For everybody -- and I get the feeling the numbers are dwindling -- who fancies Google as a new-age white knight jousting with the venomous capitalist serpent that is Microsoft, I offer yet another disheartening bit of evidence: corporate spin.
Last week, a Google employee caused a minor ruckus (big enough to catch the eye of The New York Times) by criticizing Michael Moore's new film "Sicko" and suggesting that health care companies may want to rebut Moore's claims about their industry by buying advertising. Google sells that, you know.
Lauren Turner, the Google employee in question, later clarified that the opinion she expressed was her own, and not Google's. Nonetheless, Turner hammered home her sales pitch:
"Whether the healthcare industry wants to rebut charges in Mr. Moore's movie, or whether Mr. Moore wants to challenge the healthcare industry, advertising is a very democratic and effective way to participate in a public dialogue."
Dan Farber at ZDNet last week questioned why Google would align itself with the U.S. health care industry (which is by all accounts pretty evil). Farber also writes:
"I won't argue with the idea of advertising as democratic. Anyone with the money or winning bid can get their message out into the ether."
Advertising is about as democratic as poll taxes -- people who can afford to get out their message do so; those that can't, don't. Certainly, Google has every right to latch on to any market development -- even yet another distorted rant by Michael Moore -- to try to sell its products. But, really, leave "democracy" out of it, OK?

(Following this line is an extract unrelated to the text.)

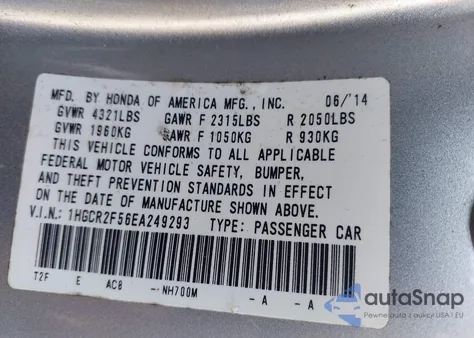 2014 Honda Accord Sport from USA, damaged, VIN 1HGCR2F56EA249293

Every day we see more headlines about folks who are nervous about Google's data-retention policies, its deals with oppressive regimes, and most recently the pressure most agree it put on the Free Software Foundation to resurrect the ASP Loophole in the GPLv3. Eben Moglen, the outspoken FSF attorney who recently announced his resignation, encapsulated these misgivings in this comment:
"Upon the behaviour of Google much depends."
Google is a very successful company that offers a lot of really good products. But it is a company, and companies align themselves with partners and practices that make them money. They can be smart and even sometimes ethical about it, but they are seldom altruistic in their market practices. Google is no different.